___ MATERIAL SHOWN

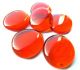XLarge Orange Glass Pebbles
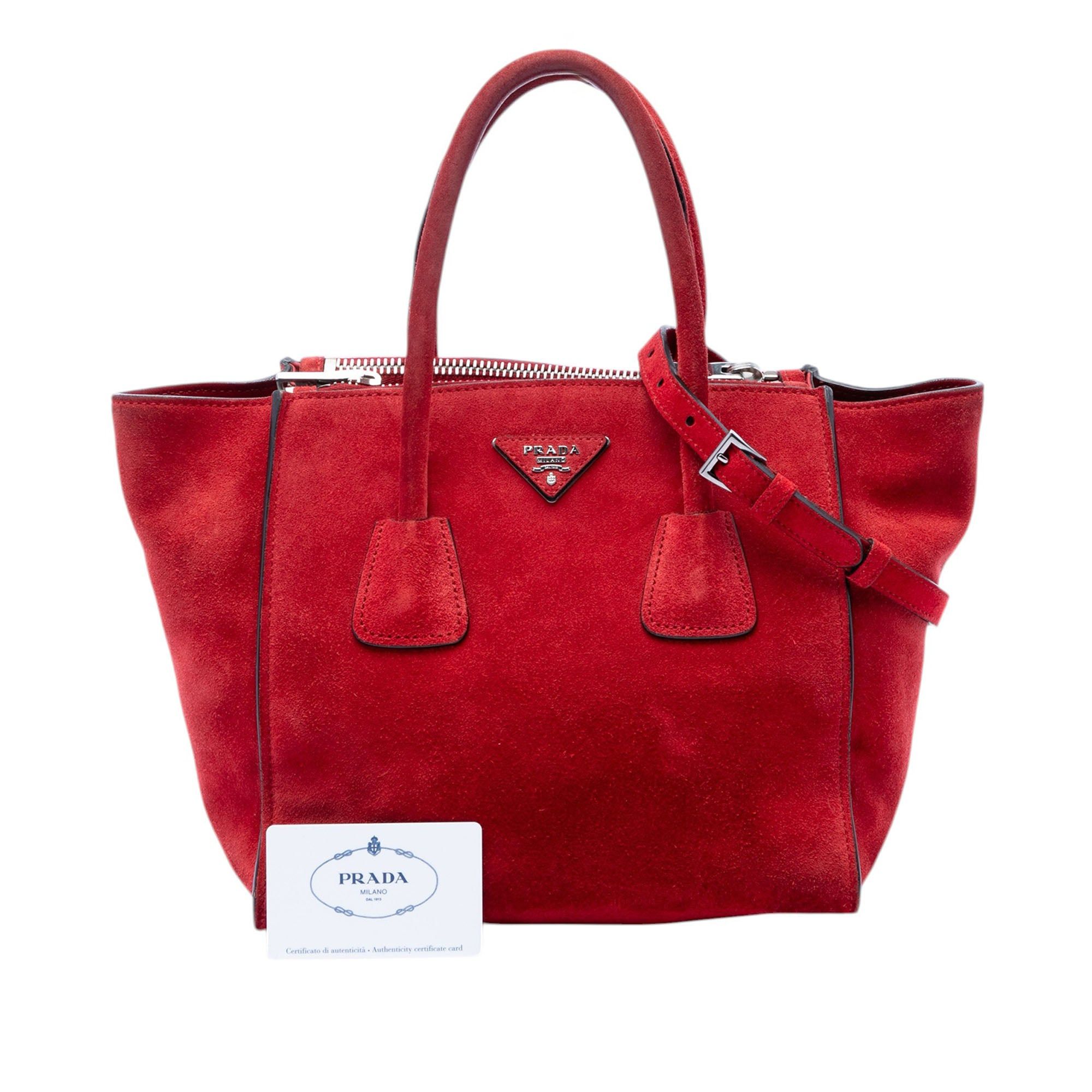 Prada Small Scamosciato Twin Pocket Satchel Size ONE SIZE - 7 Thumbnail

______
___ MATERIAL SHOWN

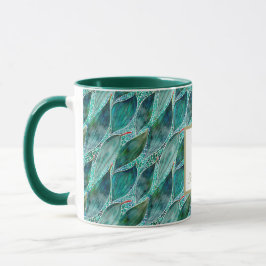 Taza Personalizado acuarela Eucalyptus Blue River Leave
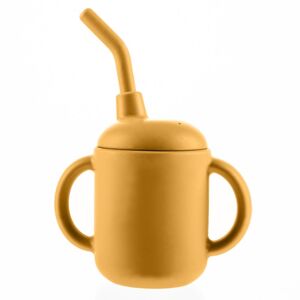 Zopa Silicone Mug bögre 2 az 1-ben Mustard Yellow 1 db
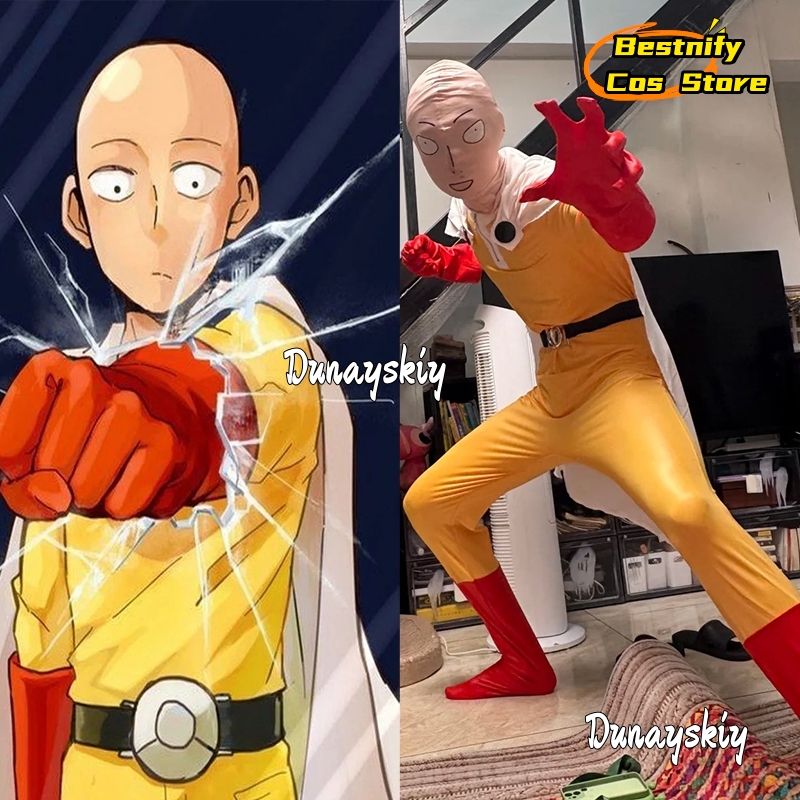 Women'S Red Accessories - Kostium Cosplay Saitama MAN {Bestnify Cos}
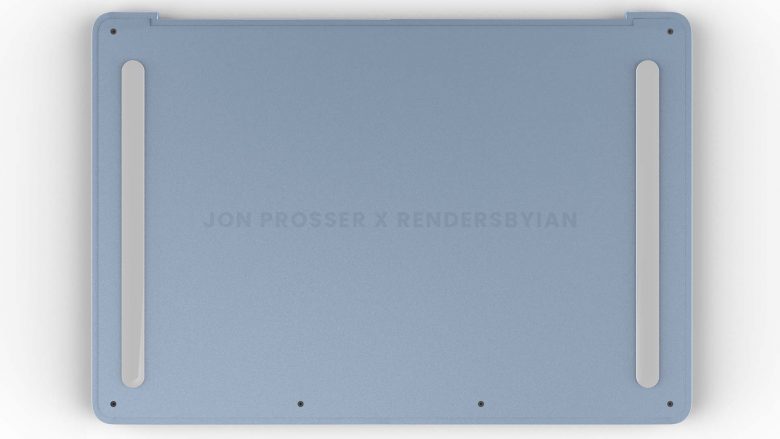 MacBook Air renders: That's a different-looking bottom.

______
___ MATERIAL SHOWN

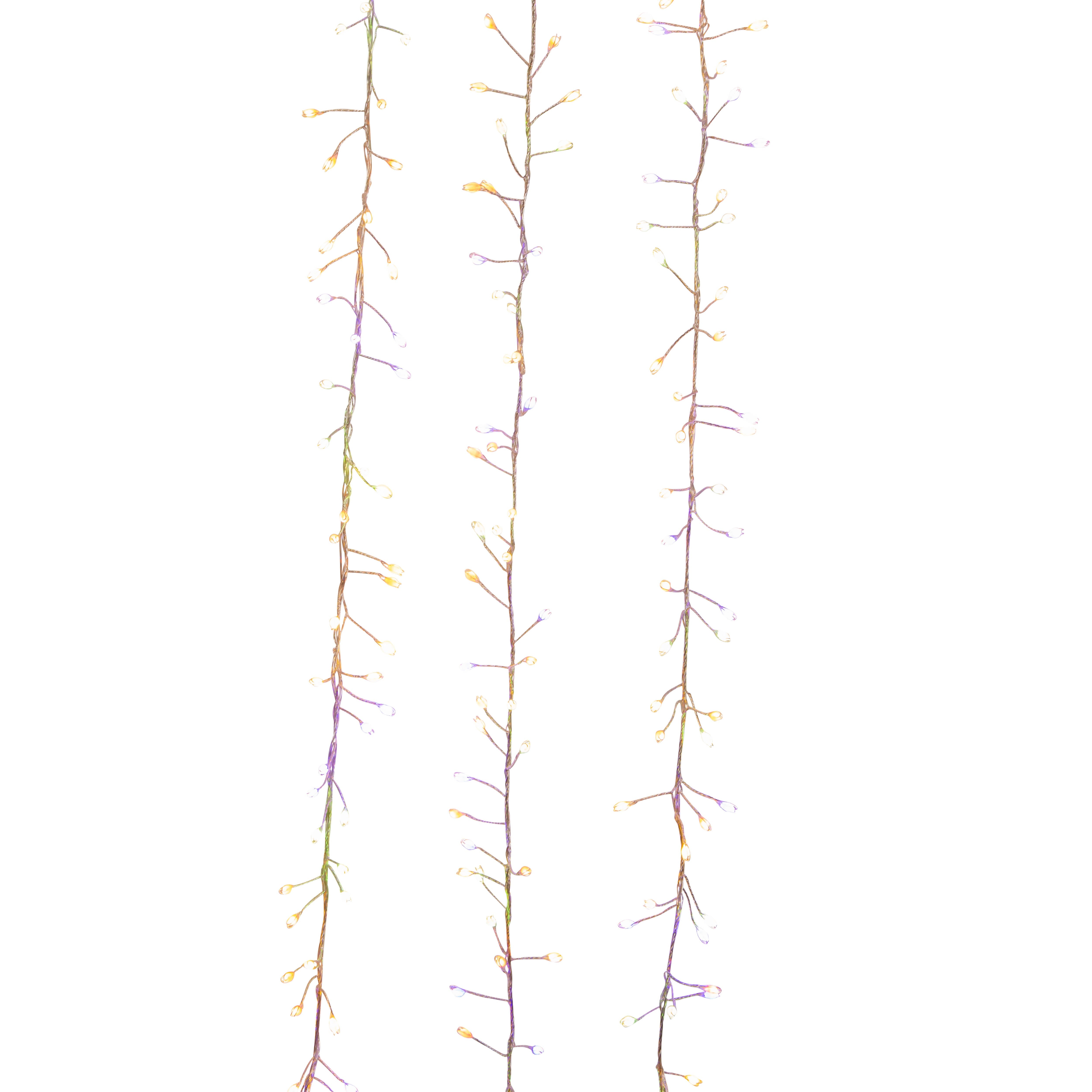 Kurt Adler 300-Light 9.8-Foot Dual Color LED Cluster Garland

______

*WORK TASK*
Restate word for word every line from the one with "Taza Personalizado acuarela" up to and including the one with "MacBook Air renders: That's" in the records above, minus the pictures.

*FINISHED EXERCISE*
 Taza Personalizado acuarela Eucalyptus Blue River Leave
 Zopa Silicone Mug bögre 2 az 1-ben Mustard Yellow 1 db
 Women'S Red Accessories - Kostium Cosplay Saitama MAN {Bestnify Cos}
 MacBook Air renders: That's a different-looking bottom.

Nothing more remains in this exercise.